Death camp dig unearths defiant Jews' belongings

A CHILD'S ring. Twisted reading glasses. A few gold coins... scraps of personal dignity, hurriedly buried in a last act of defiance to keep them from falling into Nazi hands.

Death camp dig unearths defiant Jews' belongings

Israeli archaeologists, helped by Holocaust survivors, are writing a new chapter in the terrible history of the German death camp at Majdanek, Poland, by excavating grounds long thought to be empty.

Their findings show how doomed Jews furiously dug into the grassy ground with their hands to bury what personal possessions they had with them before they were murdered in the camp's gas chambers.

The objects are not worth much financially but "the value as a human story is immeasurable", said Yaron Svoray, an Israeli journalist.

"This is where the testimony led us," said Matt Mazer, the American who organised the project. "We get to reconstruct a crime scene of one of the greatest crimes of humanity."

Barbed-wire fences now surround empty fields and the few barracks still standing at the camp where around 235,000 people died. The crematorium's brick smokestack stands on a small hill.

People occasionally cross the camp on their way to the adjacent Roman Catholic cemetery, unaware of what the ground holds.

For two years, Mr Svoray collected survivor testimony and researched the site. He teamed up with Mr Mazer to form Historical Media Associates, and with private financial backing from America came to the camp to dig.

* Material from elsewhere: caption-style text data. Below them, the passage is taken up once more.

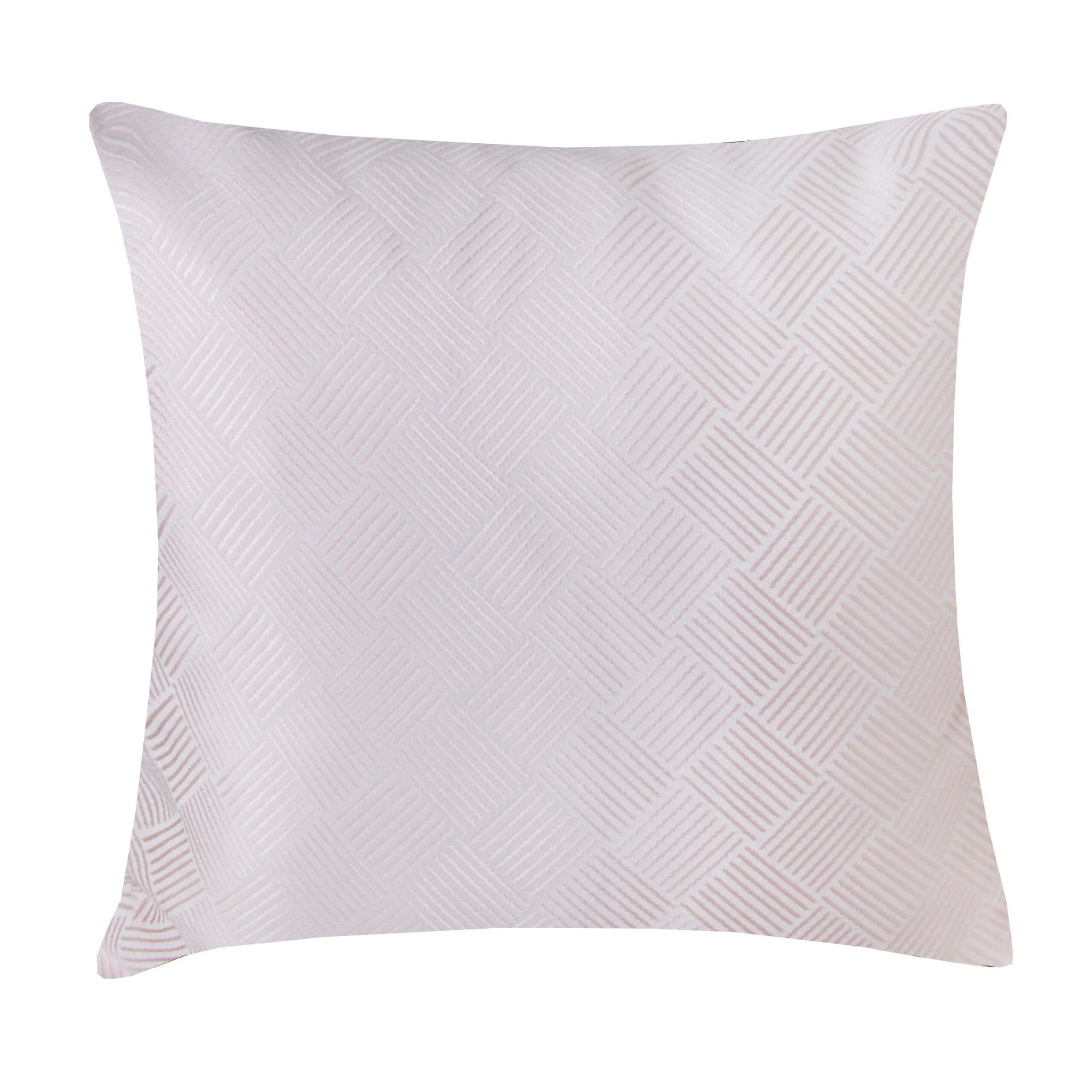 Poszewka Merida – Pudrowy róż Poszewka Merida – Pudrowy róż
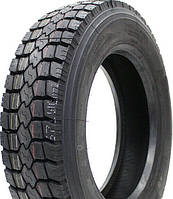 Грузовые шины Sportrak SP305 (ведущая) 235/75 R17,5 143/141J Китай 2023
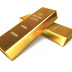 GOLD BROKE THROUGH $1,400; WHAT´S NEXT ? / KITCO NEWS CHART THIS
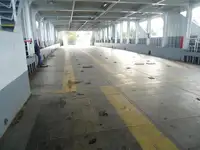 Десантний корабель, танк на продаж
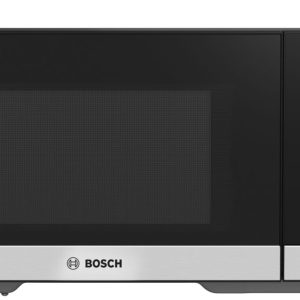 مایکروویو رومیزی بوش مدل FEL053MS1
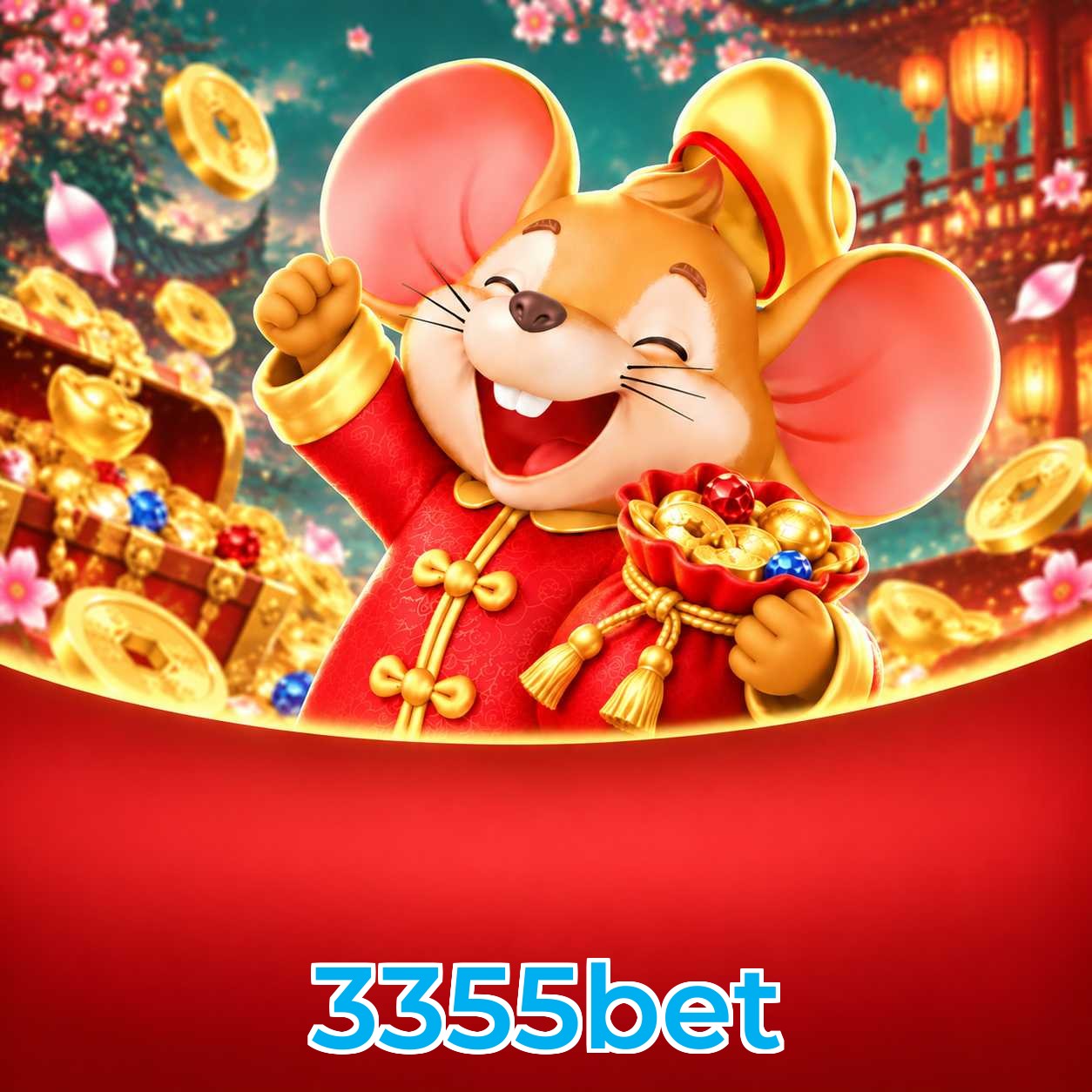 Comparativo do app 3355bet versus navegador mobile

Four Majdanek survivors now living in Australia accompanied them.

It turned out that Majdanek's Middle Field 2, which in 1943 had been a gently sloping stretch of grass, still had stories to tell.

In the spring of 1943, around 15,000 Jews from the destroyed Warsaw Ghetto arrived in the camp on the outskirts of the eastern Polish city of Lublin. The camp administration could not process the sudden influx, so they were dumped in the fenced-in field to await "selection" - separation of those to be immediately killed from those to be starved, beaten and worked to death.

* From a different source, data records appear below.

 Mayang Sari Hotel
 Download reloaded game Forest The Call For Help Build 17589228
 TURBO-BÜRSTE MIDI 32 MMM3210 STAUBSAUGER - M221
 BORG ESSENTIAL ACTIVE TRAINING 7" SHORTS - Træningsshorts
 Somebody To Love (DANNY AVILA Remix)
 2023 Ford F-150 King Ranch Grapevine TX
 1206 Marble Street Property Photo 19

"To their horror, on the far right side there is a gas chamber and on the far left side there is a crematorium. It's rather obvious what is going to happen," Mr Svoray said. And so they dug "with their fingers or with a spoon or something else."

The team of amateur archaeologists found the first item - a semi-precious stone for a ring - towards the end of the first day. By the end of the three-day dig they had collected more than 50 items.

Mr Mazer said he plans to return in the spring, but feels the dig has already made an important contribution to the camp's history, and more generally the Holocaust, during which six million Jews died.